------ INFORMATION PROVIDED ------

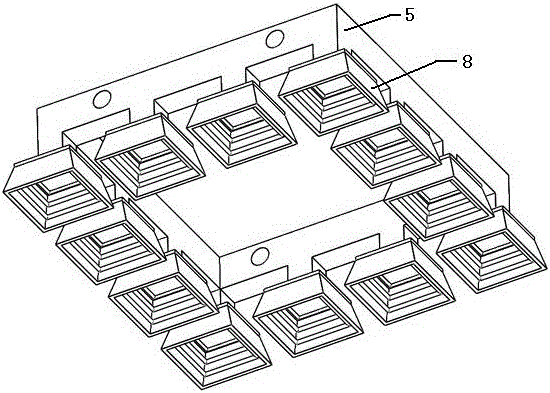 Selective laser sintering SLS laid powder preheating device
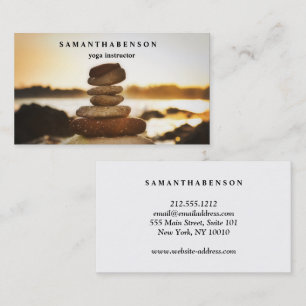 Elegantes Wasserfarben-Logo Zen Yoga Heilung Gesun Visitenkarte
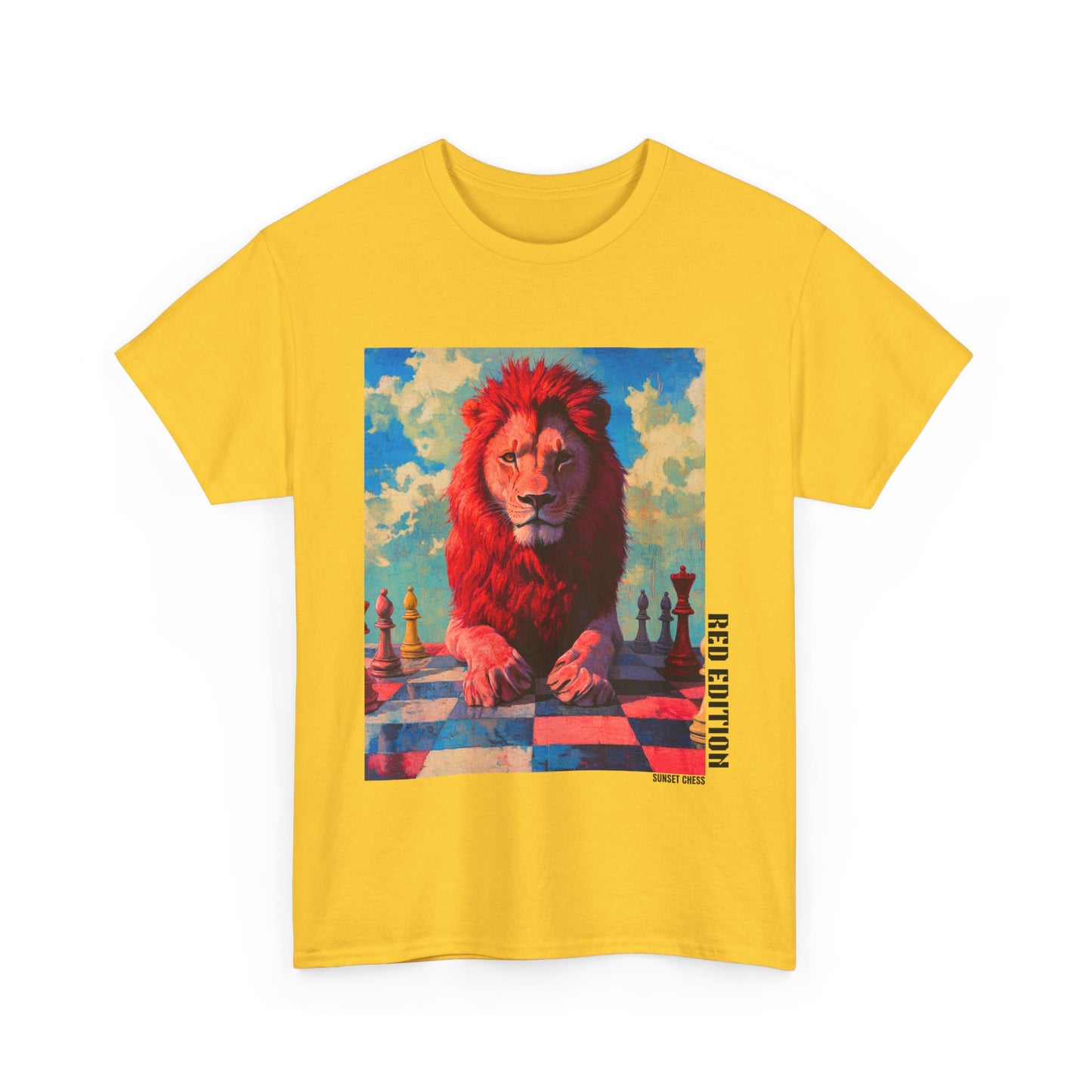 Pride of The Lion  - Yellow Chess T Shirt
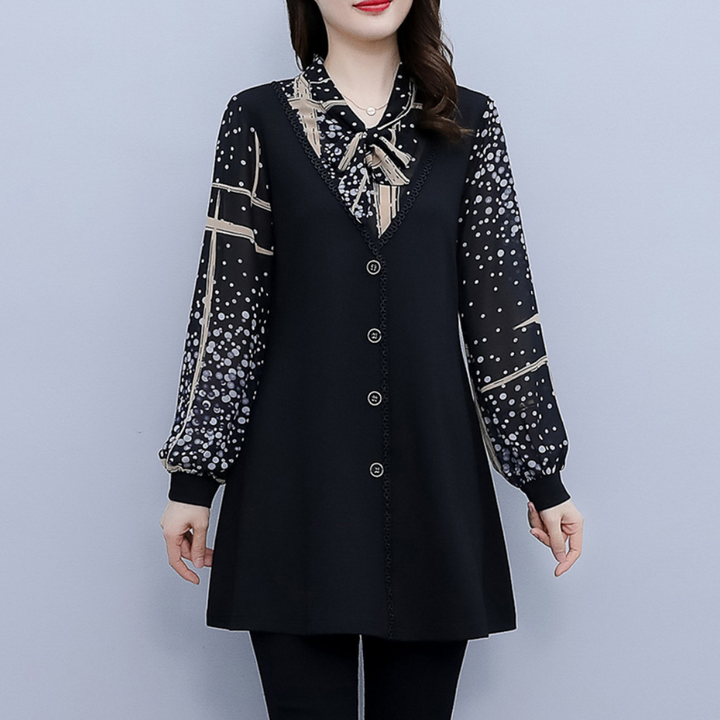 Stilla | 2-i-1 Elegant Cardigan-Sæt Med Overdel Til Damer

------

# PROBLEM REQUIREMENTS
Copy nothing but the lines from the one containing "Elegantes Wasserfarben-Logo Zen" through the last line of the listing above, transcribed exactly and with no pictures.

# EXERCISE SOLUTION
 Elegantes Wasserfarben-Logo Zen Yoga Heilung Gesun Visitenkarte
 Pride of The Lion  - Yellow Chess T Shirt
 Stilla | 2-i-1 Elegant Cardigan-Sæt Med Overdel Til Damer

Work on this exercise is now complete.